Professor Jason Brownlee examines Obama’s decision to withdraw the troops from Iraq in the perspective of 20th century American History –

With ISIS on the march and Iraqi Prime Minister Nouri al-Maliki defiant, it is tempting to think the current administration could have done something different to keep Iraq from reaching this precipice. History, however, provides no evidence that a longer U.S. troop presence would have made the difference between state cohesion and state collapse. Unlike wine and violins, nation-building does not improve over time. It just costs more, in money and lives.

Walter Russell Mead argues that the US might have a lot to gain by taking a tougher stance on Iran –

Americans characteristically think of their opponents more like American lawyers than like seasoned players in the real world game of thrones. We think that displays of good faith and peaceful intent will encourage others to reciprocate in kind. Those instincts aren’t always wrong, and with some countries and in some situations they work very well.

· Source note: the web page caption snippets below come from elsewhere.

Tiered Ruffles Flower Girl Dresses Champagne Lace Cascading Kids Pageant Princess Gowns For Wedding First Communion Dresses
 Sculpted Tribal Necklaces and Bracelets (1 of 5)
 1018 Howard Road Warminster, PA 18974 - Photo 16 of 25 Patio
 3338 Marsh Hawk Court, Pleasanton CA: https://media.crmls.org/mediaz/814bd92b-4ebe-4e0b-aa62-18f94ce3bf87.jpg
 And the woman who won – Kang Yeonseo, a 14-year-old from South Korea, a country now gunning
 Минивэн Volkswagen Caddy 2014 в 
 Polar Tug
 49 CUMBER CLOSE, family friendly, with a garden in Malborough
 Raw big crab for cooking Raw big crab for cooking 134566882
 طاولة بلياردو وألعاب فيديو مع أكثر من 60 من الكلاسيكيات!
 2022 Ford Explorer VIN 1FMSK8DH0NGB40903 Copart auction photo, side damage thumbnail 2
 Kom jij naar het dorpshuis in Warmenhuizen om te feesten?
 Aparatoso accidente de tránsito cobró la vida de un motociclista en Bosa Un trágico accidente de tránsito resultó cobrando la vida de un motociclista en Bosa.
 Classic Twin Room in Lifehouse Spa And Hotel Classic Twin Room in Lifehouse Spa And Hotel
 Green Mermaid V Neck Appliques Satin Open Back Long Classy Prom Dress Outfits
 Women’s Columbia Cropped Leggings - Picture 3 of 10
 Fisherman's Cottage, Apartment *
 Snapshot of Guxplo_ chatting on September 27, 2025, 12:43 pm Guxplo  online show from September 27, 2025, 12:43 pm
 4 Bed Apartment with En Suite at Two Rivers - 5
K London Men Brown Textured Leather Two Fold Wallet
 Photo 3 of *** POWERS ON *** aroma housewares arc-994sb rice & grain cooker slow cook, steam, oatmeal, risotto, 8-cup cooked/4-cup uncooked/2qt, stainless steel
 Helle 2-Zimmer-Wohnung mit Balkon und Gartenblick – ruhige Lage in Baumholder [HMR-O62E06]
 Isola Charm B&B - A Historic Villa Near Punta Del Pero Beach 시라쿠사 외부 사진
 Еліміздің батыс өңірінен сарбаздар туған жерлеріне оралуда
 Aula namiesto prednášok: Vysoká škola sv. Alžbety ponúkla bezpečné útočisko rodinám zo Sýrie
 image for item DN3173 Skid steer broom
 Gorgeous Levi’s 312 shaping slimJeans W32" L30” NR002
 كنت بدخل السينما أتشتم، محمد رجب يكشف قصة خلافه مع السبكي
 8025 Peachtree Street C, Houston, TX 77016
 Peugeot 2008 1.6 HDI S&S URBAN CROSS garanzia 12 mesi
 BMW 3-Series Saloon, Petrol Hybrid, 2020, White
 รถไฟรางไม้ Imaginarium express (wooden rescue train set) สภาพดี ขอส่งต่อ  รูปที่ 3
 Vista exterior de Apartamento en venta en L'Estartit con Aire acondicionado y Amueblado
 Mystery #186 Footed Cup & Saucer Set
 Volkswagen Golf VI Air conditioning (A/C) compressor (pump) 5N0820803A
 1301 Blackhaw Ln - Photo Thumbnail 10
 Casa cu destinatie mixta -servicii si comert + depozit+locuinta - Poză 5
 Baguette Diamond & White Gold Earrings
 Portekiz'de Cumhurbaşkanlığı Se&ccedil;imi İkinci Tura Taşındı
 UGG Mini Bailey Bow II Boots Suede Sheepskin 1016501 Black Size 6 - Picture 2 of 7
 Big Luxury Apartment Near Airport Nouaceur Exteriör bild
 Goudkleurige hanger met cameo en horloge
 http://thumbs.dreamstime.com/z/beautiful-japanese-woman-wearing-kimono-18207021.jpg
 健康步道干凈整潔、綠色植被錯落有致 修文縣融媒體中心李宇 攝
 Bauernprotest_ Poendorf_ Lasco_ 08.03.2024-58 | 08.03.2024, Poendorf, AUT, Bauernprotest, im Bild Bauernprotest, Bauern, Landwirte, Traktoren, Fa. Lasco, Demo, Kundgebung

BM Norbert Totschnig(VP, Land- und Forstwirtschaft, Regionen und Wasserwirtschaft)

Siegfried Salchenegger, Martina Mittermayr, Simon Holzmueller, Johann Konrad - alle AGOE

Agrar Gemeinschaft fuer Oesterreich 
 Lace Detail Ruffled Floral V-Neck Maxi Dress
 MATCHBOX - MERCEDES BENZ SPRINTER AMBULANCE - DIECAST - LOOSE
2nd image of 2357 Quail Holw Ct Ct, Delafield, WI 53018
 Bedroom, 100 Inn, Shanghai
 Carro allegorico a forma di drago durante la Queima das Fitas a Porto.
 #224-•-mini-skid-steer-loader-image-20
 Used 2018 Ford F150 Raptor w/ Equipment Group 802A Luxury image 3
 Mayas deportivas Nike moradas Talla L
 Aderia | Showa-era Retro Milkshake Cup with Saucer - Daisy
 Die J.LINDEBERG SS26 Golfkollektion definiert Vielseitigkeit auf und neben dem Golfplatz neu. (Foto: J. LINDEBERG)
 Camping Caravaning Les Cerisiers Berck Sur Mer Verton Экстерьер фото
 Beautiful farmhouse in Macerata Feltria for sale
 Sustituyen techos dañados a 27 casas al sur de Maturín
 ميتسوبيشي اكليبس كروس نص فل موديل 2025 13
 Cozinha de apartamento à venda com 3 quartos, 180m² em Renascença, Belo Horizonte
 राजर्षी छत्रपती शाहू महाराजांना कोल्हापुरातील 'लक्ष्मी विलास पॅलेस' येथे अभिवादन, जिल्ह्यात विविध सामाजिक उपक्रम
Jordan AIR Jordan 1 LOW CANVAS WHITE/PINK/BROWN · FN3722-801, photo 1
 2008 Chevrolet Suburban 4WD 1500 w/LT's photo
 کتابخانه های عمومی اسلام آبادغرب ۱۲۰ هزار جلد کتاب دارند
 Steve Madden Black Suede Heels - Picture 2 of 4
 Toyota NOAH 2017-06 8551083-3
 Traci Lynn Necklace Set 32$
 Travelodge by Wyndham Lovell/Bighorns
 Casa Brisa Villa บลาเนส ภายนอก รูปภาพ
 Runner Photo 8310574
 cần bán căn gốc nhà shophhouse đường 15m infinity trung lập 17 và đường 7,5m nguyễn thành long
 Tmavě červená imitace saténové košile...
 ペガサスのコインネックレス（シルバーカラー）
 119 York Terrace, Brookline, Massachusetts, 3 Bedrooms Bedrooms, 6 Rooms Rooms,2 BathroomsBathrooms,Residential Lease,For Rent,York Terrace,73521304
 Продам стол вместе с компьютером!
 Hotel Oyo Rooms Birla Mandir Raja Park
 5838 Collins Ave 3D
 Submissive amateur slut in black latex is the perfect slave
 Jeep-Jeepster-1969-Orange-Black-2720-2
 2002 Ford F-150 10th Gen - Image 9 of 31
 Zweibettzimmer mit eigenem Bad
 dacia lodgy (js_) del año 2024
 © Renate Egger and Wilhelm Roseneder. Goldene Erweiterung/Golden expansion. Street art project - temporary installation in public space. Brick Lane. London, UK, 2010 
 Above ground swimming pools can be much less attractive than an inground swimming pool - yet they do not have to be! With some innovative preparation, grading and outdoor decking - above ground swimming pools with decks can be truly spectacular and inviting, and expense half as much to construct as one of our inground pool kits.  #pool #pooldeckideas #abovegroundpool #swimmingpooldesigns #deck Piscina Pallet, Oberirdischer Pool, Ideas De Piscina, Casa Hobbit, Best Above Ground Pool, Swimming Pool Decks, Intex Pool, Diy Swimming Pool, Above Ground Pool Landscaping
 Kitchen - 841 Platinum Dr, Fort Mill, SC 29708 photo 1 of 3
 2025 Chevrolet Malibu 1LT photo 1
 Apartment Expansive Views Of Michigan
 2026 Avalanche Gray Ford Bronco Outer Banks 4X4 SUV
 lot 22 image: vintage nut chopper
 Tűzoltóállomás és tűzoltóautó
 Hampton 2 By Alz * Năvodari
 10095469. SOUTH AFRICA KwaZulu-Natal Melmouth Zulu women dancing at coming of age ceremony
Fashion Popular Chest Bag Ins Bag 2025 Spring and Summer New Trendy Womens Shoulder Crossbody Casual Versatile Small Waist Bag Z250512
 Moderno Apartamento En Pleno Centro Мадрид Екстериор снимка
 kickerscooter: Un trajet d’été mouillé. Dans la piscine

But the Middle East often works on a different kind of logic; strength united with willpower in the service of achievable goals gets more points than professions of friendship and elaborate displays of pacific intent.

Israel

Eli Lake contemplates the prospects of a possible Israeli involvement in Syria, Jordan, and the ISIS quagmire –

For now the one thing Iran and Israel do agree on is that U.S. intervention in Iraq is risky. Khamenei has told Obama to just stay out. Netanyahu was more subtle, warning that Obama should not promise Iran anything in the nuclear negotiations that might entice its cooperation in Iraq. His advice was for Obama to weaken both sides.

But behind the scenes, Israeli diplomats have told their American counterparts that Israel would be prepared to take military action to save the Hashemite Kingdom.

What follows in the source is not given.